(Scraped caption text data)
|---|
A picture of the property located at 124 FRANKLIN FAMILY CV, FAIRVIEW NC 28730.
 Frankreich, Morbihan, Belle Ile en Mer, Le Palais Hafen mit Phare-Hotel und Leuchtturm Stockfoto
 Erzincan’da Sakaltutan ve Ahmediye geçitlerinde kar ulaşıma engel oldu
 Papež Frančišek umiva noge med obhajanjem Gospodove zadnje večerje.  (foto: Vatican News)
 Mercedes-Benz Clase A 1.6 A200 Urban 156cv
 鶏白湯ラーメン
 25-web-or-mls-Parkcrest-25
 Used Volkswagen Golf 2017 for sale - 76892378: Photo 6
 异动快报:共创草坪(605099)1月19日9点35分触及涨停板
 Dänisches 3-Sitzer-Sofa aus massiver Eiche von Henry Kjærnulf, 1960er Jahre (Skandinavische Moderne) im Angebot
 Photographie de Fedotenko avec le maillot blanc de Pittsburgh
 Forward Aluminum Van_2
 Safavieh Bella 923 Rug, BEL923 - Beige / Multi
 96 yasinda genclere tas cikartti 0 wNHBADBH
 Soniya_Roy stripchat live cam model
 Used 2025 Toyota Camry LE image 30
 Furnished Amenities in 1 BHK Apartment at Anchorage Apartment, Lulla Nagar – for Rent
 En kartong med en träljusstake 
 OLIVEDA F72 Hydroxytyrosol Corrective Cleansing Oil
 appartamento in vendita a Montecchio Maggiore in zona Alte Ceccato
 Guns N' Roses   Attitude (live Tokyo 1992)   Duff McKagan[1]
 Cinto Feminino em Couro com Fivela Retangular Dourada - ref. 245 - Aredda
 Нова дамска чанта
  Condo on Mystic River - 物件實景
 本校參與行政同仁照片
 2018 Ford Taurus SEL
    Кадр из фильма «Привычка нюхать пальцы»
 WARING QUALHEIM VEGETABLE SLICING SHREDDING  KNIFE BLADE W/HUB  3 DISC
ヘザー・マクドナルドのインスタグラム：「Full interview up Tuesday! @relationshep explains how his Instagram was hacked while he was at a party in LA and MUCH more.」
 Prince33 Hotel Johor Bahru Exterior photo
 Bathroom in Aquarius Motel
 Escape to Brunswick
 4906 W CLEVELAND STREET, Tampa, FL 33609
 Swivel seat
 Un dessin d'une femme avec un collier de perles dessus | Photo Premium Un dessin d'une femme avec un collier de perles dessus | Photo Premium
|---|
Aim of the exercise
Copy every entry exactly as it is given.

Your solution
A picture of the property located at 124 FRANKLIN FAMILY CV, FAIRVIEW NC 28730.
 Frankreich, Morbihan, Belle Ile en Mer, Le Palais Hafen mit Phare-Hotel und Leuchtturm Stockfoto
 Erzincan’da Sakaltutan ve Ahmediye geçitlerinde kar ulaşıma engel oldu
 Papež Frančišek umiva noge med obhajanjem Gospodove zadnje večerje.  (foto: Vatican News)
 Mercedes-Benz Clase A 1.6 A200 Urban 156cv
 鶏白湯ラーメン
 25-web-or-mls-Parkcrest-25
 Used Volkswagen Golf 2017 for sale - 76892378: Photo 6
 异动快报:共创草坪(605099)1月19日9点35分触及涨停板
 Dänisches 3-Sitzer-Sofa aus massiver Eiche von Henry Kjærnulf, 1960er Jahre (Skandinavische Moderne) im Angebot
 Photographie de Fedotenko avec le maillot blanc de Pittsburgh
 Forward Aluminum Van_2
 Safavieh Bella 923 Rug, BEL923 - Beige / Multi
 96 yasinda genclere tas cikartti 0 wNHBADBH
 Soniya_Roy stripchat live cam model
 Used 2025 Toyota Camry LE image 30
 Furnished Amenities in 1 BHK Apartment at Anchorage Apartment, Lulla Nagar – for Rent
 En kartong med en träljusstake 
 OLIVEDA F72 Hydroxytyrosol Corrective Cleansing Oil
 appartamento in vendita a Montecchio Maggiore in zona Alte Ceccato
 Guns N' Roses   Attitude (live Tokyo 1992)   Duff McKagan[1]
 Cinto Feminino em Couro com Fivela Retangular Dourada - ref. 245 - Aredda
 Нова дамска чанта
  Condo on Mystic River - 物件實景
 本校參與行政同仁照片
 2018 Ford Taurus SEL
    Кадр из фильма «Привычка нюхать пальцы»
 WARING QUALHEIM VEGETABLE SLICING SHREDDING  KNIFE BLADE W/HUB  3 DISC
ヘザー・マクドナルドのインスタグラム：「Full interview up Tuesday! @relationshep explains how his Instagram was hacked while he was at a party in LA and MUCH more.」
 Prince33 Hotel Johor Bahru Exterior photo
 Bathroom in Aquarius Motel
 Escape to Brunswick
 4906 W CLEVELAND STREET, Tampa, FL 33609
 Swivel seat
 Un dessin d'une femme avec un collier de perles dessus | Photo Premium Un dessin d'une femme avec un collier de perles dessus | Photo Premium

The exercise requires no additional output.